The Matrix is available only to agents with a login, but Telarus has made some vendor information publicly available. Oborn announced that the Matrix is already available on the Telarus Partner App.

“Not only do we want you to be the best. We want you to be the best on your phone. You are literally a mobile agent; you can go anywhere you want with that phone, and you will be able to give Gartner-level advice to any of your clients,” he said.

Telarus does a technology (usually software) reveal every year at its partner event. Last year the new tool was MoonRize, which expands order visibility for partners.

This year’s partner conference moved to Boca Raton, Florida after several years in Utah. It’s also the first conference after the merger of Telarus and competitor master agent CarrierSales. Telarus CEO Adam Edwards spoke yesterday about the synergies between the two companies.

HTG 360 CEO Chris Ichelson says both companies and their respective employees are unified under the same brand.

“The two companies have gone through a massive combining of two very separate companies,” Ichelson said. “They’ve done an awesome job at it. From a partner perspective, I do not hear of any restriction in the space.”

He reiterated Telarus CEO Adam Edwards’ sentiment that CarrierSales brought several new specializations to the combined company, including contact center and security.

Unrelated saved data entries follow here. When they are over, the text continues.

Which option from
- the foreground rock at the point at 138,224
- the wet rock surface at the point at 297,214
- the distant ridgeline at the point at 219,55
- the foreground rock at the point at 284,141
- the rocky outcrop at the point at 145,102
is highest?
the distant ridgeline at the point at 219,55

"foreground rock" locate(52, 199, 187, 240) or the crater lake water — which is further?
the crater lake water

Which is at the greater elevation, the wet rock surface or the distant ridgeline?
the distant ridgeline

Ichelson says the overall result is Telarus obtaining more resources and more diverse perspectives. The company said last year that it would become the second largest master agent as a result of the transaction, vying for supremacy against Intelisys.

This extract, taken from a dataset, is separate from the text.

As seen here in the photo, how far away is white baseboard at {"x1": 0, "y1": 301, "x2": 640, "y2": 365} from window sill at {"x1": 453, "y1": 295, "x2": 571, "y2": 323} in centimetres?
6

“If you have one big organization in a space, a lot of times the competitors need to combine resources and combine talent,” Ichelson said. “If not, the road to get there is…

…too long. And I think this was probably the best move they could have made.”

HTG 360’s Two Hires

I chatted with Ichelson, whose company recently expanded its channel team. HTG works as an exclusive security and compliance vendor with Telarus.

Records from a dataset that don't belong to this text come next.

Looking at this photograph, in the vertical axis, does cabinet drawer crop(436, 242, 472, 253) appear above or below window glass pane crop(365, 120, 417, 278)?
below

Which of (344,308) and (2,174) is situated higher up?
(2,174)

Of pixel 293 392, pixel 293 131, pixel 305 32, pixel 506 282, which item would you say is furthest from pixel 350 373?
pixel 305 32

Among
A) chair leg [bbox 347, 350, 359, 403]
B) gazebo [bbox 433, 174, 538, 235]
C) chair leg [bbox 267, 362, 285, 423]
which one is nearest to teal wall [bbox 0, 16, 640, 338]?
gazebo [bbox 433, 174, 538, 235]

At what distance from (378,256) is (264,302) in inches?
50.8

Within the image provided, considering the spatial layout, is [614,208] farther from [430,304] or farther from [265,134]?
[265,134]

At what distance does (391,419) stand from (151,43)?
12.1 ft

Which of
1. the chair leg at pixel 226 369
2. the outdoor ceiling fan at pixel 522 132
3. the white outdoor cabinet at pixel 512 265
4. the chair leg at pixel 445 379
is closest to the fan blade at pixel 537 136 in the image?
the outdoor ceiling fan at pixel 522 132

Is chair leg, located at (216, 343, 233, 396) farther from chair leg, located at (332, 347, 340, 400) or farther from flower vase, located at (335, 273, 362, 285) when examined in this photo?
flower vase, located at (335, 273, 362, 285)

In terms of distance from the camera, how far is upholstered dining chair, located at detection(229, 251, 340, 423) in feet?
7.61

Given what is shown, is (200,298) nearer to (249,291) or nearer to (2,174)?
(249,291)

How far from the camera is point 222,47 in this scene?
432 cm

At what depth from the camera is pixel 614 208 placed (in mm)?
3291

HTG 360 hired Fred Hamilton as its national channel manager. Hamilton, who previously worked with Comcast as a regional channel manager, will lead the overall channel direction of the company.

“We felt that having somebody sit as the national channel manger builds a conduit for the channel that can help them transition their business from an education standpoint, from a relationship standpoint and give them a conduit that they can bounce ideas off,” Ichelson said. “Then they can bring in the experts, which are our engineering staff and our executive staff at HTG.”

The company also promoted Matt Atkinson from channel intern to channel account manager.

“His goal and his job is facilitate the path between the agent, the end user and us internally in order to drive successful sales engagements or partner engagements throughout the end user community.”

Atkinson’s promotion is a major step for a channel industry that’s trying to bring young talent onboard. It’s a well-documented reality that our industry is retiring more personnel than hiring new faces. The niche nature of the indirect IT/telecom sales channel makes it very difficult to draw college graduates who have never heard of the industry.

Atkinson currently studying business and criminology but signed on as an intern after Ichelson explained the channel. Ichelson says the industry has its parallels to insurance – a field where Atkinson’s mother works.

Atkinson’s first experience in the channel was attending the Channel Partners Conference two months ago. He wrote about the event on LinkedIn.

Ichelson says his company’s internship program brings major value and is worth expanding.

“We learned from working with him as an intern is that the millennials are going to be what drives the channel going forward,” Ichelson said. And in order to get the millennials to drive the channel – which we need from any organization in the channel – is that we need to be able to have a path for them. Whether that’s a path to direct or a path to the channel, they need the help. They need the mentors.”